While Gonzales finished the address without further incident, reporters didn't concentrate on his crime-fighting plans for long, turning the discussion rapidly to the sudden decision of his number two, Deputy Attorney General Paul McNulty, to step down this summer.

Gonzales appeared to suggest that McNulty was the key player in deciding which US Attorneys were fired, an assertion he repeated on several occasions.

"In this particular case, Mr. McNulty was a former colleague of all of these United States attorneys, and so he would probably know better than anyone else about the performance and the qualifications of these -- of our United States attorney community," he said. "My understanding was was that Mr. Sampson's recommendations reflected a consensus view of the senior leadership of the department, in particular the deputy attorney general."

Gonzales also continued to work to insulate the White House from any involvement in the firings.

"I believe the White House has publicly stated that, that they were not involved in adding names or deleting names from the list," he said.

The Attorney General defended the prerogative of the President to hire and fire US Attorneys on the basis of politics, and based less on performance, too.

"If you have a more formal process and a U.S. attorney gets a great evaluation, politically it may be more difficult for the president to make a change simply because he wants to make a change. A president should be able to do that," he argued.
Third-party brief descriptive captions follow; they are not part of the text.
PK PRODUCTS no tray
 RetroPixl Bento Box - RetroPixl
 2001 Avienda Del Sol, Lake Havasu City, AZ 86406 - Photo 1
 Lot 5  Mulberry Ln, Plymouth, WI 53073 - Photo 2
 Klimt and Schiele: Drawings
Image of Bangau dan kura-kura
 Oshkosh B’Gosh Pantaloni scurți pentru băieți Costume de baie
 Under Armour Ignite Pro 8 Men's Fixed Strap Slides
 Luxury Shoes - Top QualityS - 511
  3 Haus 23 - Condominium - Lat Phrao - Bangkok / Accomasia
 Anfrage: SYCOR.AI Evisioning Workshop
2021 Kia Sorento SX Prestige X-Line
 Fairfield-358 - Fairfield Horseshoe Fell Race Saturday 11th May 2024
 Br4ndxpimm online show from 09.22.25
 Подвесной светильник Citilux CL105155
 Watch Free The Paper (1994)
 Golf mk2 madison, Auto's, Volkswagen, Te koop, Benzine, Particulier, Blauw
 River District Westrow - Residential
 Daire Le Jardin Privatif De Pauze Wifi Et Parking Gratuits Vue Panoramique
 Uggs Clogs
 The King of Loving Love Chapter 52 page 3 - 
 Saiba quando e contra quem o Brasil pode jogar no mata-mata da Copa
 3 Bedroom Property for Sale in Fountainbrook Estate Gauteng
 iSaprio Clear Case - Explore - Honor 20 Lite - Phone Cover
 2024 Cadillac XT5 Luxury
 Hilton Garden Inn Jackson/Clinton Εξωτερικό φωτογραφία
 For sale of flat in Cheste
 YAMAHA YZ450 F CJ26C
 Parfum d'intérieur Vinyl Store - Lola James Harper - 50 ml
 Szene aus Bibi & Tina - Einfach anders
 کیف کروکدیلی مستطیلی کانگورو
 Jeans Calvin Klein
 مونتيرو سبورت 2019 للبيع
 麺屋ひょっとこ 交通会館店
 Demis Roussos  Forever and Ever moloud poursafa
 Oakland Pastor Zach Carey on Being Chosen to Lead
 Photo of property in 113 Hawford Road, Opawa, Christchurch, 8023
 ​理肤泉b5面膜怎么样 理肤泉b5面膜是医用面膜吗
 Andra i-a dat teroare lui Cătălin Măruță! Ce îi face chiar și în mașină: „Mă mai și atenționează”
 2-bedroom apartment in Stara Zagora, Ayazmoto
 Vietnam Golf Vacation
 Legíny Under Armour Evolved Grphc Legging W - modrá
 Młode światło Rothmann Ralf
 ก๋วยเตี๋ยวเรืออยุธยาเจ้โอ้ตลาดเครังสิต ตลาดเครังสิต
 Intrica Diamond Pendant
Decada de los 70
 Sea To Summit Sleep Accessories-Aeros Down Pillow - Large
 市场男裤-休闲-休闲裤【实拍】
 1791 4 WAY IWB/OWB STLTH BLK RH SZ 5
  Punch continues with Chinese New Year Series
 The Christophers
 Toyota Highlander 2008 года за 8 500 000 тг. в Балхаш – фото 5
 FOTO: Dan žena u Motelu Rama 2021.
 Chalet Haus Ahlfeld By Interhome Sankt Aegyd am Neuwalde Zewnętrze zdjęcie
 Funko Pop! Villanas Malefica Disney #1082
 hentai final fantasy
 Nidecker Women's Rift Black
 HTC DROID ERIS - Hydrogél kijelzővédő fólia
Gonzales attempted early in the press conference to tell reporters to focus on questions of law enforcement strategy, and steer clear of the US Attorneys controversy.

"I think the American people really are concerned is the country safe...so while, of course, I'm focused on ensuring that the Congress has the information that it needs to do its job, I'm also -- remain very, very focused, as are members of the department of Justice, remain very focused on doing the work for the American people," he said.

He also sounded a defiant tone on the prospect of Congressional scrutiny later in his remarks.

"I'm not going to be bashful. I'm not going to be timid in going to Congress and pursuing what I think is absolutely necessary and right for the American people," he said.

At the very end of the press conference, Gonzales was asked what the advantages were of being an Attorney General who is very close to the president.

He joked that the question was a softball.

"Did my staff write this question?" he wrote, to laughter.

He then answered that he was a more effective Attorney General because of his close relationship with President Bush.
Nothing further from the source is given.